Let us summarize these facts and prove by their analysis the truth of this triple proposition, which represents the entire movement of the last 64 years:

Personal or despotic government is impossible;
Representative government is impossible;
Government is impossible.

The principles upon which French society has rested since ’89 – let us say, any free society – principles that are prior and superior to the very idea of government, are:

  1. Free property, that which was called in Rome quiritaire, and among the invading barbarians allodiale. It is absolute property, at least as much as anything can be absolute among men; property that belongs directly and exclusively to the owner, who manages, leases, sells, gives, or pledges it at his pleasure, without accounting to anyone.

Property must undoubtedly be transformed by the economic revolution, but not insofar as it is free; it must, on the contrary, constantly gain in freedom and guarantee. The transformation of property concerns its balance: it is something analogous to the principle introduced into international law by the treaties of Westphalia and 1815.

  1. Free labor, with all its dependencies – free profession, free trade, free credit, free science, free thought, and free religion – which means the absolute right, a priori, without restriction or control, for every citizen to work, manufacture, cultivate, extract, produce, transport, exchange, sell, buy, lend, borrow, transact, invent, educate, think, discuss, popularize, believe or not believe, etc., to the extent of his means, without any other condition than that of fulfilling his obligations, as well as not hindering anyone in the exercise of the same right.

Work also needs to be revolutionized, like property; but as for its guarantees, not at all in terms of its initiative.
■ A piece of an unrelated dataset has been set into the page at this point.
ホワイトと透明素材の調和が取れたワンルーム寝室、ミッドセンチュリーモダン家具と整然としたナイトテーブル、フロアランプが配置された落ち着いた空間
Taking corporative organization as a guarantee of work would be to repeat the work of the Middle Ages, the eradication of slavery by feudalism.
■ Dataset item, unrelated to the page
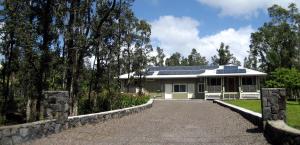 a house with solar panels on the roof at Keaau Place in Keaau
  1. The natural, egalitarian, and free distinction of industrial, commercial, scientific, and other specialties, based on the principle of the division of labor, and outside of any caste spirit.

Such are the principles of ’89, the subject of the famous “Declaration of the Rights of Man and of the Citizen,” united by the latest constitution; and such have been the foundations of our society since that time.
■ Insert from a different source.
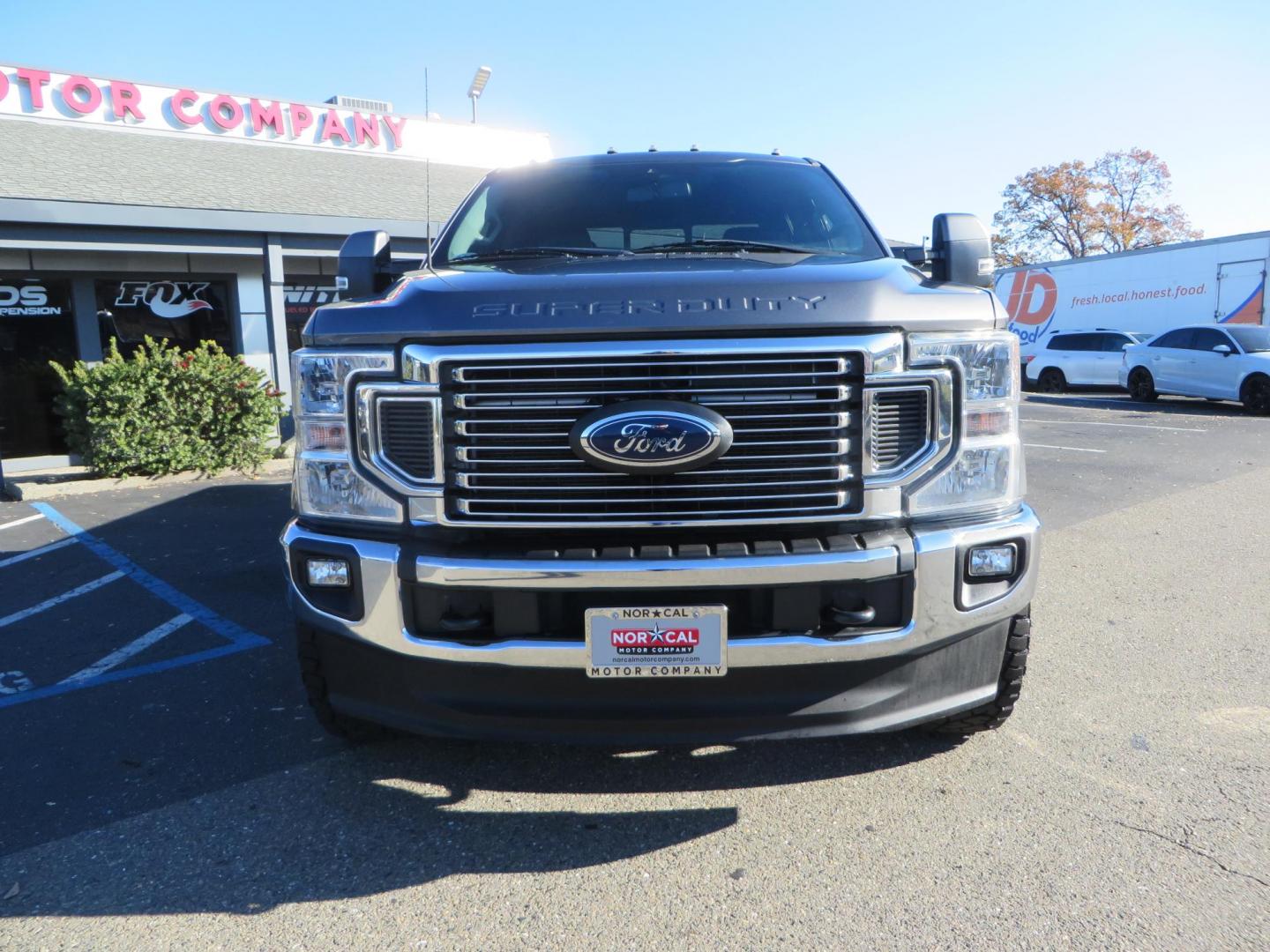 2021 Charcoal Ford F-350 SD Lariat Crew Cab Long Bed DRW 4WD (1FT8W3DT7ME) with an 6.7L V8 OHV 16V DIESEL engine, 6A transmission, located at 2630 Grass Valley Highway, Auburn, CA, 95603, (530) 508-5100, 38.937893, -121.095482 - Tow Rig sitting on a set of 20" DDC The Hole wheels and Toyo RT trail tires. - Photo#1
Now, since the government must be the expression of society, according to the expression of Mr. de Bonald, one wonders what can be the government of a society established on such bases?

It cannot be a territorial feudalism, since property is free; nor an industrial, commercial, or financial feudalism, since work is free, commerce is free, credit is free, or at least manifestly capable of becoming so; nor a caste system, since professional specialties, according to their economic principle, are free; nor a theocracy, since conscience is also free. Will it be an absolute monarchy? No, since the faculties of man and citizen, work, exchange, property, etc., converted into rights, being free, and their exercise free, there is nothing left that can serve as a motive or object for any authority, and that the sovereign, formerly visible, personal, incarnation of divine right, has become an abstraction, a fiction, namely, the people.

If, therefore, in the society thus constituted a government is formed, this government can only result from a delegation, convention, federation, in short, a free and spontaneous consent of all the individuals who make up the people, each of them stipulating and pooling their resources for the guarantee of their interests. So that the government, if there is a government, instead of BEING the AUTHORITY, as before, will represent the RELATIONSHIP of all the interests engendered by free property, free labor, free commerce, free credit, free science, and will consequently itself have only a representative value, like paper money, which has value only in relation to the coins it represents. Essentially, the representative government is symbolized and perhaps defined by an “assignat.”

Thus the democratic and representative nature of the government stems from the essentially free nature of the interests it indicates the relationship of; given these interests, any appeal to any authority becomes meaningless. For the government to cease being democratic, in a society thus made, and for authority to reappear, the declared free faculties would have to cease to be free; property would no longer be property, but rather a fiefdom; commerce would no longer be commerce, but rather an excise; credit would no longer be credit, but rather servitude, corvée, tithe, and dead hand: which is against the hypothesis.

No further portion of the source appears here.